What you have to do →
Reproduce word for word the lines between those holding "قلوب بالشموع , decoo_elegance" and "Surgical Implant 316L", inclusive, and nothing else from the data below.

Scraped caption text data:
○ ○ ○ ○

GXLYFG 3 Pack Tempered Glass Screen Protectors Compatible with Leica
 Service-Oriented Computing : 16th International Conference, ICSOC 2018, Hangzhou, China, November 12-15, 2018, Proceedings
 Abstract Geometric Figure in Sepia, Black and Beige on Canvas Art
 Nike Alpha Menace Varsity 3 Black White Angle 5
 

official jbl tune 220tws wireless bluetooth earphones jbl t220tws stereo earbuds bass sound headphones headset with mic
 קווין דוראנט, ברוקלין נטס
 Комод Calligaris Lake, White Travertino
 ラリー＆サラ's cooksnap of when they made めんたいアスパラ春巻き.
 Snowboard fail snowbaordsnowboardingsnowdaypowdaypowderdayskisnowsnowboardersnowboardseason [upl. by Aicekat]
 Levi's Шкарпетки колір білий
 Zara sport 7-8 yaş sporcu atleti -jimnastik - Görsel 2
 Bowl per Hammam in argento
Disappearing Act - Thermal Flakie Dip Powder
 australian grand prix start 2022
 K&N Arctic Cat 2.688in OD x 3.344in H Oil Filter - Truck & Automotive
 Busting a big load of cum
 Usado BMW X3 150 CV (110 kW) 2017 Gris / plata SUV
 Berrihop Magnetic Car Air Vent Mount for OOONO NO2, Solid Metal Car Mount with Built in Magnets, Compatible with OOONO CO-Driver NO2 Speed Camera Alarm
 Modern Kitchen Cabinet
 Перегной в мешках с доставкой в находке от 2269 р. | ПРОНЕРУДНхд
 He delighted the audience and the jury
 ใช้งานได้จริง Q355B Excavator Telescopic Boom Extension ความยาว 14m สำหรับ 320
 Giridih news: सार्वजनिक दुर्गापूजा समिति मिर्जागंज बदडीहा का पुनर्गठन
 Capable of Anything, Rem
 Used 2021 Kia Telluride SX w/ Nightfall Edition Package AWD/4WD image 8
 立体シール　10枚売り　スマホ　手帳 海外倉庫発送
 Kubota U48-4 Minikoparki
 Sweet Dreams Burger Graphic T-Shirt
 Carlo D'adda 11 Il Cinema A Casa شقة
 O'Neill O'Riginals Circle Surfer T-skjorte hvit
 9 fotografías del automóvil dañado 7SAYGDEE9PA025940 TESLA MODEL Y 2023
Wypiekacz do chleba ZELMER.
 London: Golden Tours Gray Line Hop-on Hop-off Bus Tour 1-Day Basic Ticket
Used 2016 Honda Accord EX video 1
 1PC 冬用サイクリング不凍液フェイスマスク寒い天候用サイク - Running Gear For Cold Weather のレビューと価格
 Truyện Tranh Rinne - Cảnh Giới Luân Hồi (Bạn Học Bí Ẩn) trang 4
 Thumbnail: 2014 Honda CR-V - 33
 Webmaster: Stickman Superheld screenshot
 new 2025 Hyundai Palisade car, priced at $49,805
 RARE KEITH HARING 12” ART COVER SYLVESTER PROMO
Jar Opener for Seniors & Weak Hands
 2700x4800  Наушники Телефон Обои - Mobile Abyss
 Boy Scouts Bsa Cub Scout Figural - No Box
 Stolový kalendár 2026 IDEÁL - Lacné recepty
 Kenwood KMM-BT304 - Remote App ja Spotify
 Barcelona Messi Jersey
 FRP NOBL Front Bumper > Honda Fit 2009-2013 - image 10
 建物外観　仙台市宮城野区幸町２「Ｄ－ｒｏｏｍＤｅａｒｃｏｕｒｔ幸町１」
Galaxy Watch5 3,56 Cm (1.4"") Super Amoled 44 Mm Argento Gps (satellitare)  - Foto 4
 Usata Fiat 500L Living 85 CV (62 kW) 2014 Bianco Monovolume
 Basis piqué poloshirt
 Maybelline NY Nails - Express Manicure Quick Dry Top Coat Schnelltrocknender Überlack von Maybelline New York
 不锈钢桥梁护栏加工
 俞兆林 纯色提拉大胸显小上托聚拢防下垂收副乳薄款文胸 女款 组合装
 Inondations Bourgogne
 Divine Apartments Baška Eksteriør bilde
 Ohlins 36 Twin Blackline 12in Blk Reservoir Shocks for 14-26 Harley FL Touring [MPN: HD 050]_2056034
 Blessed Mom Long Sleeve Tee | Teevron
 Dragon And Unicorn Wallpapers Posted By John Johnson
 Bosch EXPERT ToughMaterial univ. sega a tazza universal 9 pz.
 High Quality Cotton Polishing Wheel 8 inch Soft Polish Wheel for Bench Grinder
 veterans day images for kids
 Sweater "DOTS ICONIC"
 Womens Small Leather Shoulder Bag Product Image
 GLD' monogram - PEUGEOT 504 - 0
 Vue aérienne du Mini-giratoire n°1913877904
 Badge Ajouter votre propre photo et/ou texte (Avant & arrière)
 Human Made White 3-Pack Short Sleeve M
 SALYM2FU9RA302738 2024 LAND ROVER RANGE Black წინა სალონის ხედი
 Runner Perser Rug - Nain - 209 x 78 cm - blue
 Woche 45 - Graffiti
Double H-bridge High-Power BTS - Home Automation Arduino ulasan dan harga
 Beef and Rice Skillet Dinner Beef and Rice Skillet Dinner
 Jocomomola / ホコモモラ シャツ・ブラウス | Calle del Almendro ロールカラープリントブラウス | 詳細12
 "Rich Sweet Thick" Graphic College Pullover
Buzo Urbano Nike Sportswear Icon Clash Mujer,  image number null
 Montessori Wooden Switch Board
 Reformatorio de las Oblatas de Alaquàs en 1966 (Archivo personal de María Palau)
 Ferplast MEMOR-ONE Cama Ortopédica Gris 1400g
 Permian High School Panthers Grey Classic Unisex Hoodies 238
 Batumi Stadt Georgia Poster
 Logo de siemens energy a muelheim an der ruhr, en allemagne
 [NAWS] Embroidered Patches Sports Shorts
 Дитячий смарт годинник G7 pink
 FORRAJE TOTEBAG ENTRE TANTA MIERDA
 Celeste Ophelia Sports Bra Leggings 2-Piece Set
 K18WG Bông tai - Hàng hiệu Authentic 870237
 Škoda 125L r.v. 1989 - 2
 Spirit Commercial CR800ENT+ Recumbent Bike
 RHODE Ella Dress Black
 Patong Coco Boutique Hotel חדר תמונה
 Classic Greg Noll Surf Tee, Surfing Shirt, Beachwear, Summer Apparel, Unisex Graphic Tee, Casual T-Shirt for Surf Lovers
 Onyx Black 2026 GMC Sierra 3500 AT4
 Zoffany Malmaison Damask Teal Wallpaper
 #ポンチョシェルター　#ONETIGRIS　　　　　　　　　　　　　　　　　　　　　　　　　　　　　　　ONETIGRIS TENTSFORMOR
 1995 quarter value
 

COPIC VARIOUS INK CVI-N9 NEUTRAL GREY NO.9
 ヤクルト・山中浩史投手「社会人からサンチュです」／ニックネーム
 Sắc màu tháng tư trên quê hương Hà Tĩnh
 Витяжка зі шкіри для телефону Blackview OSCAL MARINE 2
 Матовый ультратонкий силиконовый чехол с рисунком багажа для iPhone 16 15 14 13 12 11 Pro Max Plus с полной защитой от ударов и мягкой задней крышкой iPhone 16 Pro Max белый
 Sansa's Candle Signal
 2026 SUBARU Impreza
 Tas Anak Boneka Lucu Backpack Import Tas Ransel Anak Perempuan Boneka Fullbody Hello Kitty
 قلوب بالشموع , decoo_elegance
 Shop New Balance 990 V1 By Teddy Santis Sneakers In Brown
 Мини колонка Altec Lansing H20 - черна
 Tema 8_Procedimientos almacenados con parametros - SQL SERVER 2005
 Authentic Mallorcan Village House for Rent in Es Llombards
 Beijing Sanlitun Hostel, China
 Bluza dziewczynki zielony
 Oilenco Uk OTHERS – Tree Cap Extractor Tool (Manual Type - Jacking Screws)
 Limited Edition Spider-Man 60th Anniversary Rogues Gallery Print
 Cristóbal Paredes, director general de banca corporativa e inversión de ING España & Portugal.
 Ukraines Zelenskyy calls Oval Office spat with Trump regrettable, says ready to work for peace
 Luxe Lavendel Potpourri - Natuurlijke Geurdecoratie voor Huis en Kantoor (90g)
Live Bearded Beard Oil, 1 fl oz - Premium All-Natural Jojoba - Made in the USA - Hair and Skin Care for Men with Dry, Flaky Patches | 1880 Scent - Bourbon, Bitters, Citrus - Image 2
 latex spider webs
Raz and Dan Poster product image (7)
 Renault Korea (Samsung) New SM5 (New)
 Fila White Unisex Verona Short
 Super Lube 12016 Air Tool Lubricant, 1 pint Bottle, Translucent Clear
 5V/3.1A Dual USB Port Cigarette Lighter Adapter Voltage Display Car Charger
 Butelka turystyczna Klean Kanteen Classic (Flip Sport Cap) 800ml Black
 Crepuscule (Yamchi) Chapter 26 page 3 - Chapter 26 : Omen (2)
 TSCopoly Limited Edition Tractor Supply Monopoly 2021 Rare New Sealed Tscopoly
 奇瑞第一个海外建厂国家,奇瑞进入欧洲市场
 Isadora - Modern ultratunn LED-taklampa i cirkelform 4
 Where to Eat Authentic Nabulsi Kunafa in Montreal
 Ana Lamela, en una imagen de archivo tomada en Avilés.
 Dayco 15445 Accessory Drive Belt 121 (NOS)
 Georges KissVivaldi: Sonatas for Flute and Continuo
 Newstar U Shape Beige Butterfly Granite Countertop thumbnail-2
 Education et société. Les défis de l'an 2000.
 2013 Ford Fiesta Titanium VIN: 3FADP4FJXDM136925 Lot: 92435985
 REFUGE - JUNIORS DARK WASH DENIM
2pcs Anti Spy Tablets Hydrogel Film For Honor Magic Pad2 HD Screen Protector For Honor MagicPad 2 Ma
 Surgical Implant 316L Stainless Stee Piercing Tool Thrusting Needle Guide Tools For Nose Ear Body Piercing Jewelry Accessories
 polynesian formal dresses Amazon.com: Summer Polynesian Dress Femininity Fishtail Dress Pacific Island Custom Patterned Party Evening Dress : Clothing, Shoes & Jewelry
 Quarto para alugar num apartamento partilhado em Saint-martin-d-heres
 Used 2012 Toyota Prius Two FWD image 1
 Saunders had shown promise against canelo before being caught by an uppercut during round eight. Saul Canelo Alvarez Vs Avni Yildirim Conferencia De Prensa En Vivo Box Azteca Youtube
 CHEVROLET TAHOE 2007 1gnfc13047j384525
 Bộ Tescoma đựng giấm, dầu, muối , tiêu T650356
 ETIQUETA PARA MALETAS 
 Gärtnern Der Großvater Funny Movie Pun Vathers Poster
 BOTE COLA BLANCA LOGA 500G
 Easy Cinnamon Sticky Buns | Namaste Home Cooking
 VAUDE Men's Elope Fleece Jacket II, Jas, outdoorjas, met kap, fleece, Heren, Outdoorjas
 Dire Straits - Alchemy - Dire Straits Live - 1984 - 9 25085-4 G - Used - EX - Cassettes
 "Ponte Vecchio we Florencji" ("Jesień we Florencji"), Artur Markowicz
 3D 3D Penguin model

○ ○ ○ ○

Task solution →
 قلوب بالشموع , decoo_elegance
 Shop New Balance 990 V1 By Teddy Santis Sneakers In Brown
 Мини колонка Altec Lansing H20 - черна
 Tema 8_Procedimientos almacenados con parametros - SQL SERVER 2005
 Authentic Mallorcan Village House for Rent in Es Llombards
 Beijing Sanlitun Hostel, China
 Bluza dziewczynki zielony
 Oilenco Uk OTHERS – Tree Cap Extractor Tool (Manual Type - Jacking Screws)
 Limited Edition Spider-Man 60th Anniversary Rogues Gallery Print
 Cristóbal Paredes, director general de banca corporativa e inversión de ING España & Portugal.
 Ukraines Zelenskyy calls Oval Office spat with Trump regrettable, says ready to work for peace
 Luxe Lavendel Potpourri - Natuurlijke Geurdecoratie voor Huis en Kantoor (90g)
Live Bearded Beard Oil, 1 fl oz - Premium All-Natural Jojoba - Made in the USA - Hair and Skin Care for Men with Dry, Flaky Patches | 1880 Scent - Bourbon, Bitters, Citrus - Image 2
 latex spider webs
Raz and Dan Poster product image (7)
 Renault Korea (Samsung) New SM5 (New)
 Fila White Unisex Verona Short
 Super Lube 12016 Air Tool Lubricant, 1 pint Bottle, Translucent Clear
 5V/3.1A Dual USB Port Cigarette Lighter Adapter Voltage Display Car Charger
 Butelka turystyczna Klean Kanteen Classic (Flip Sport Cap) 800ml Black
 Crepuscule (Yamchi) Chapter 26 page 3 - Chapter 26 : Omen (2)
 TSCopoly Limited Edition Tractor Supply Monopoly 2021 Rare New Sealed Tscopoly
 奇瑞第一个海外建厂国家,奇瑞进入欧洲市场
 Isadora - Modern ultratunn LED-taklampa i cirkelform 4
 Where to Eat Authentic Nabulsi Kunafa in Montreal
 Ana Lamela, en una imagen de archivo tomada en Avilés.
 Dayco 15445 Accessory Drive Belt 121 (NOS)
 Georges KissVivaldi: Sonatas for Flute and Continuo
 Newstar U Shape Beige Butterfly Granite Countertop thumbnail-2
 Education et société. Les défis de l'an 2000.
 2013 Ford Fiesta Titanium VIN: 3FADP4FJXDM136925 Lot: 92435985
 REFUGE - JUNIORS DARK WASH DENIM
2pcs Anti Spy Tablets Hydrogel Film For Honor Magic Pad2 HD Screen Protector For Honor MagicPad 2 Ma
 Surgical Implant 316L Stainless Stee Piercing Tool Thrusting Needle Guide Tools For Nose Ear Body Piercing Jewelry Accessories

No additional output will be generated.